It's you Yanks who are, or rather were, being difficult.
Also, though the data is not solid, it seems that traffic accidents are rarer on LHS countries than RHS.
All intents and purposes. Not intensive purposes.
I've honestly been dreaming of building this system since I was 9 years old.
I'm in my late 20's now, so needless to say, I've given it a lot of thought.
Implementing an autodrive system like this on city streets is at least an order of magnitude more difficult than it will be on limited access highways.
And while GPS is very helpful, I really don't think we can rely on a system like this, placing millions of lives every day into its hands, based soley on GPS. I think the road will need to be embedded with RFID posts of some sort. They can be built into the 1/4 mile markers or something, and they could be highly redundant so many could fail, and GPS would certainly be used, just not exclusively.
This is compounded by the transition period where "manual" cars will rule the roads.
So we'd start by picking high-throughput commuter routes. Think of the beltways that exist in most major cities.
The left-most lane becomes the autodrive lane. Over the years, it turns into an exclusively autodrive highway.
So these first autodrive cars will have to be "hybrids."
After 20, 30 years when (literally) every car on the road is autodrive capable, that's when you'd see large rollouts of autodrive on city streets.
This is also a much more difficult issue because of pedestrians.
So my thinking is that people would get used to carrying an RFID transmitter with them. This would serve as their car key when they get in their own car, and it would also serve as a transponder when you're on foot. So if you're standing at a corner waiting to cross the street, the cars 2 blocks away know you're there and you'll be figured in to the traffic flow.

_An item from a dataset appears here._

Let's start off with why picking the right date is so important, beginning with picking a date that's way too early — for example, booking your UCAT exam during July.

And I really think that a P2P system is the only way to do this. But I also think that we'd need large, distributed traffic analysis and monitoring systems that are capable of watching for malfunctioning or hacked autodrivers.

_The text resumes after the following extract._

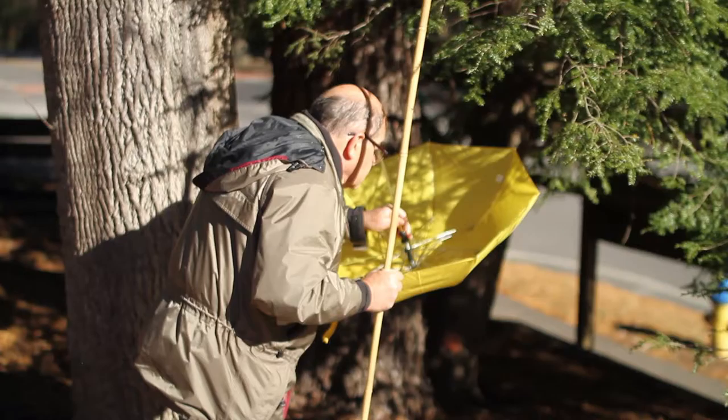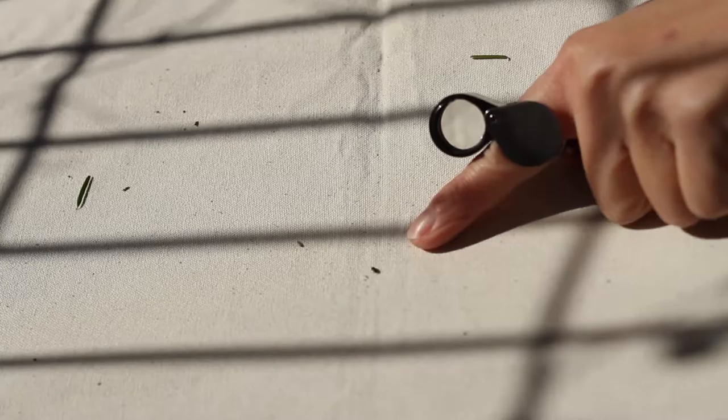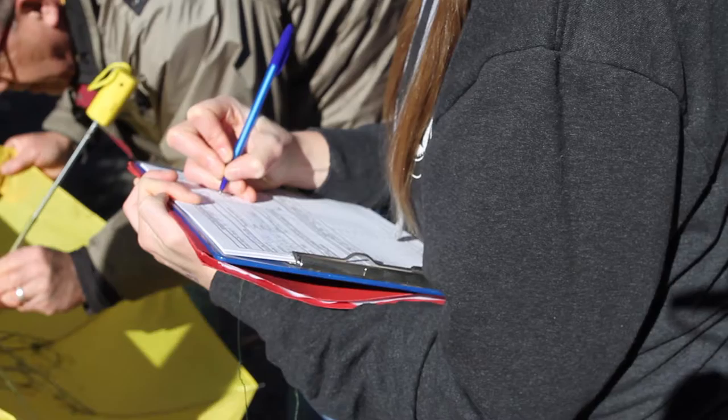The beetles have come up from the ground — they were in the ground over summer — and then they've emerged now that it's gotten colder and now that the adelgid is fattening up. So they can just fall right off of the branches onto our beat sheets, and then we can count them and put them back after we've observed them.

I'm sorry for writing so much, but I love this shit.
Anyway, one final thought, is that autodrivers would go into defensive mode when they detect a manually driven car or a pedestrian. I imagine a convoy of autodrivers in the autodrive lane on a highway, they're cruising at 70mph and a manually driven car enters the highway and is in the lane beside the autodrivers.
I imagine the software switching into a defensive mode, all of the autodrive cars in the, say, 1/2 mile radius is aware of the manual car, and they perform a monte carlo analysis of thousands of possible evasive scenarios, any one of which could be activated in microseconds if the manually driven car enters the autodrive lane, swerves, crashes, etc.
And I'm sure the occupants of the vehicles would be alerted that defensive mode is in use.
And about speed... a system like this, no doubt, would be safe at very high speeds. But until we figure out how to do so efficiently it would be such a waste.
And as long as manually driven cars are allowed on the highways, you'd need to keep it going slower just to be safe.
Don't worry. By the time this becomes a reality, simulators will be quite good. Indeed, you'll probably be able to drive in your simulator during commuting, while the computerized driving system in your car protects the rest of us from your mistakes.
I liked a system I saw in a few places in spain,
The traffic lights had sensors which detected how fast you were traveling towards them and reacted accordingly.
It see's you going over the speed limit and speeds up the timer and changes red faster.
Then it's a simple matter of running a red light.
A mobile P2P file sharing scheme would be the ultimate nightmare for the copyright industry. No ISP required, detection is nearly impossible. Firewalls and filters are not an option. Set up your car P2P client for the _type_ of files you want, drive around all day and upload "the catch of the day" to your home file server. At 54 mbps, how long do you really need to be in close proximity with another car to swap a few MP3s? High-rise apartments near highways would be treasure troves of entertainment.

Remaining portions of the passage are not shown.